At hospitalization, breathing misery and wheezing had been documented, with chest radiography findings related to sarcoidosis with none acute cardiopulmonary illness. IV remdesivir (200.zero mg daily) and dexamethasone (six mg daily) had been initiated; however, hypoxia worsened, and the subsequent day, he became administered 5.zero L in line with minute oxygen thru face mask. Subsequently, the medical doctors discontinued remdesivir because of the gastrointestinal tract (GIT)-related negative effects. SARS-CoV-2-superb polymerase chain reaction (PCR) report, accelerated leukocyte counts of 10 × 109 leukocytes/L, and C-reactive protein stages of 15 mg in line with dL had been obtained.

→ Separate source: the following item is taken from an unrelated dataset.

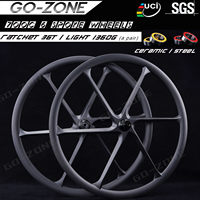 700c Light 1360g 6 Spoke Carbon Wheel Disc Brake Ratchet 36T Clincher Tubeless Normal / Ceramic UCI Quality Road Bicycle Wheels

Three days later, contrast-improved computed tomography findings of bilateral innovative consolidation, maximum outstanding at the bottom of the lungs, with out floor glass-kind appearance, had been located. Sputum cultures had been obtained, and the affected person became administered IV tazobactam/piperacillin (3.forty grams six hourly). After every week of hospitalization, sputum subculture reviews indicated gram-superb, beaded rod presence, suggestive of Nocardia. The affected person became shifted to imipenem (500.zero mg six hourly) and IV sulfamethoxazole/trimethoprim (SMX/TMP) (5 mg/kg 8 hourly). In spite of twin remedy, hypoxia became persistent, and on day 12.zero of hospitalization, innovative consolidatory nodular opacities had been located withinside the basal area of the left lobe of the lungs. On no reaction to remedy, the medical doctors integrated orally administered linezolid (six hundred.zero mg 12 hourly) into the antibiotic area, following which hypoxia resolved.

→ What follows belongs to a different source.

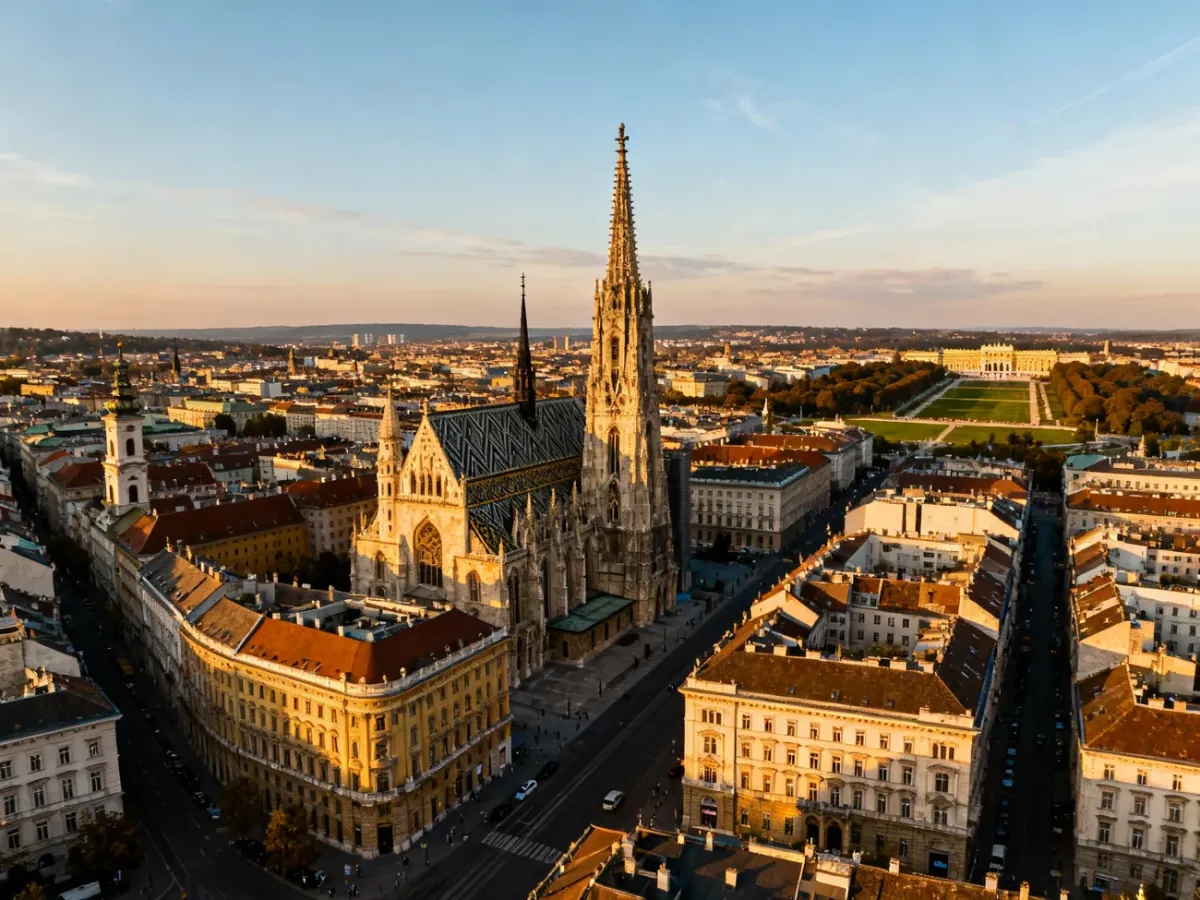 Panorama Wiednia z katedrą św. Szczepana i historyczną architekturą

Four days later, matrix-assisted laser desorption/ionization time-of-flight (MALDI-TOF) mass spectrometry findings showed Nocardia pseudobrasiliensis contamination, and chalky-white colonies, having an orange-coloured pigmentation, of the microbe had been located. Susceptibility checking out indicated imipenem resistance. The affected person acquired health center discharge following 20 days of hospitalization, with a prescription of ciprofloxacin (500.zero mg two times daily) and linezolid (six hundred mg two times daily), for >6.zero weeks. Pre-discharge mind magnetic resonance imaging (MRI) scans confirmed no ring enhancement or imperative anxious system (CNS) involvement.

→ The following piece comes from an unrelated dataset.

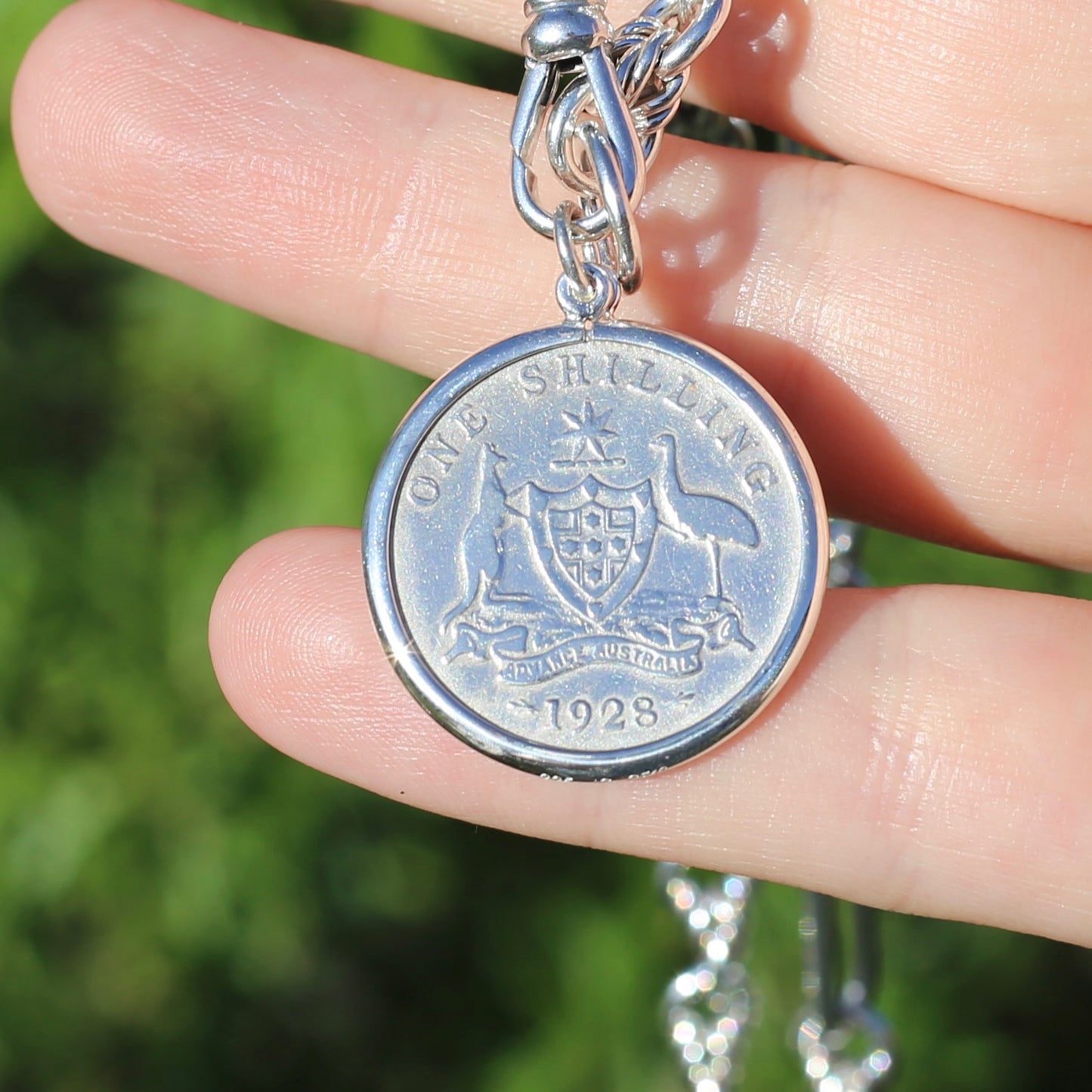 Australian Sterling Silver Shilling Pendants 1928 1931 and 1935, in Silver Bezel Frames, 6.6g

Two weeks put up-discharge, diminished breathing pain became located, with most effective intermittent oxygen supplementation required, following exertion, and 4 weeks put up-discharge, imaging confirmed pulmonary nodular development. Symptomatic development persisted as much as a month put up-discharge. The affected person briefly discontinued remedy because of financial constraints and became transitioned to SMX/TMP ( capsules of SMX 800.zero mg and TMP 160.zero mg 8 hourly) with orally administered ciprofloxacin (500.zero mg two times daily). Dual antibiotic remedy became persisted for the reason that affected person became below glucocorticoid remedy for sarcoidosis. Four months-put up discharge from the health center, the male skilled dyspnea most effective after widespread exertion. He became to be shifted to SMX or TMP monotherapy following considerable development withinside the lung nodules.

At present, 10 Nocardia infections were said all through or after SARS-CoV-2 contamination. The majority of sufferers evolved nocardiosis 5 to 50.zero days put up-SARS-CoV-2 diagnosis, and the suggest time to identity of co-contamination became 17.zero days. Pulmonary-kind nocardiosis became maximum normally located, maximum infections had been due to Nocardia farcinica, and all of the affected people acquired glucocorticoid remedy all through hospitalization. Linezolid, clarithromycin, and ciprofloxacin are typically powerful in coping with Nocardia pseudobrasiliensis infections. Overall, the chance of concomitant infections with SARS-CoV-2 is low; however, regarding SARS-CoV-2-superb sufferers with invasive mechanical air flow requirements, the co-contamination occurrence quotes are greater.  

Based at the case report, Nocardia and SARS-CoV-2 co-infections can also additionally occur, specially amongst immunosuppressed people with comorbidities and glucocorticoid use records. The behind schedule development in medical symptoms and symptoms and signs after linezolid management underscores the significance of activate identity of Nocardia and its antibiotic susceptibilities.